Tesi etd-02102018-145502


Tipo di tesi
Tesi di laurea magistrale
Autore
MAZZA, MATTEO
URN
etd-02102018-145502
Titolo
Low Latency Capture Compression and Visualization of 3D Scenes Using RGBD Cameras for Telepresence
Dipartimento
INFORMATICA
Corso di studi
INFORMATICA E NETWORKING
Relatori
relatore Tecchia, Franco
relatore Carrozzino, Marcello
controrelatore Grossi, Roberto
Parole chiave
  • 3D
  • 3D capture
  • AR
  • augmented reality
  • depth-map compression
  • multi camera
  • telepresence
  • virtual reality
  • VR
Data inizio appello
02/03/2018
Consultabilità
Completa
Riassunto
This thesis investigates some of the key aspects of a 3D telepresence system. It starts from the capturing methods analyzing different technologies and discussing their characteristics. It deals with the capturing devices, their calibration, the capturing software and the software quality-enhancers.
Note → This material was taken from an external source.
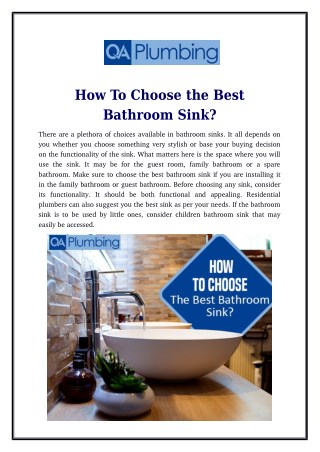 How To Choose the Best Bathroom Sink?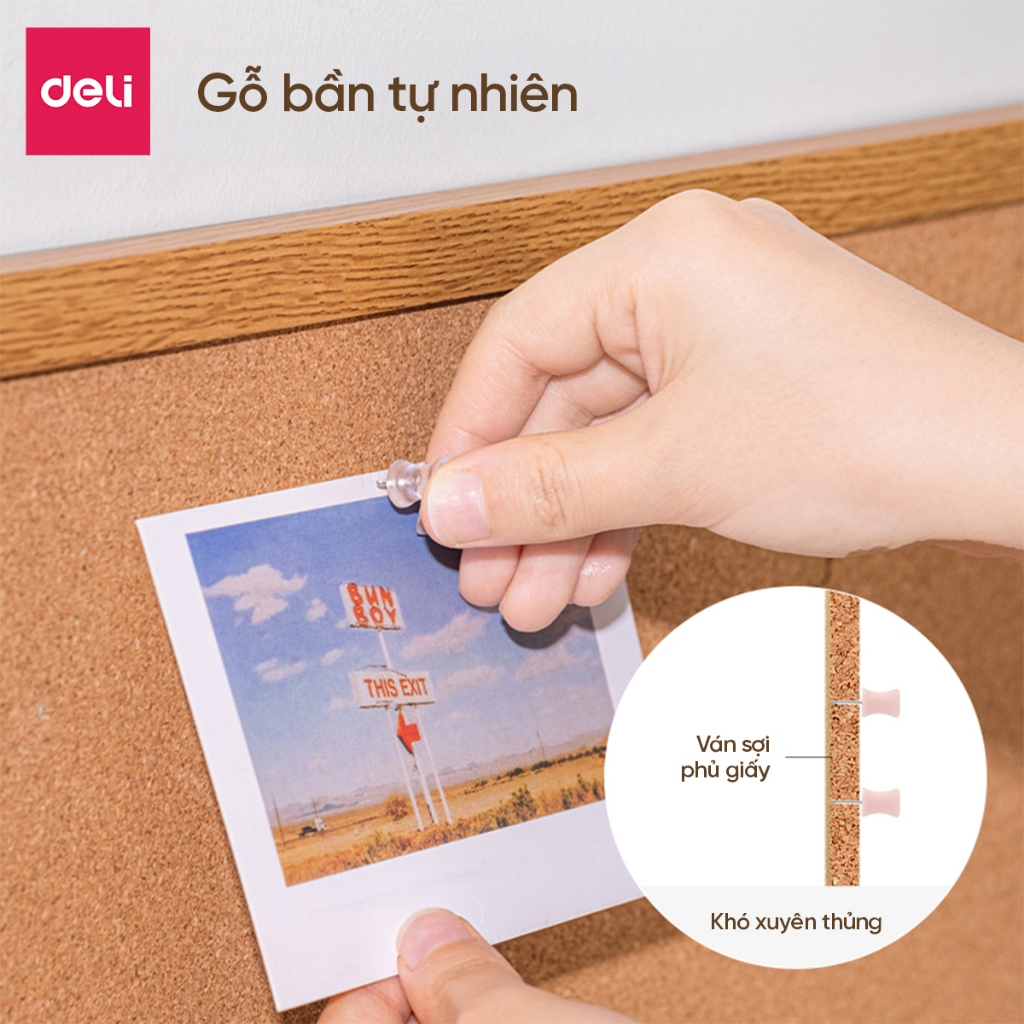 Bảng Ghim Gỗ Bần Tặng Kèm Phụ Kiện Deli Bảng Tin Lớp Học Văn Phòng Treo Ảnh Decor Tường Đa Năng Nhiều Kích Thước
These aspects linked together enable the system to capture a real-time 3D scene.
Then the thesis inspects the rendering techniques of the acquired 3D scene. This aspect is analyzed independently from the chosen rendering device. Thus, it can be applied for example to an HMD, a see-through device, a stereoscopic monitor or a standard rendering device.
Moreover, scene compression is analyzed to enable a telepresence system to be adopted on a network with a limited bandwidth such as internet.
Instead of finding new compression algorithms, this thesis tries to exploit the widely adopted standard video compressors to compress both video streams and geometry information. This approach aims to exploit the great work done for video compression in the past years.
Finally, it proposes a system architecture for telepresence systems. It aims to enable the development of telepresence systems that exploit hardware acceleration support. There are already a lot of cheap devices with such hardware support, ranging from laptop to single-board computers. The approach of this thesis is to make them exploiting their hardware to execute a telepresence system.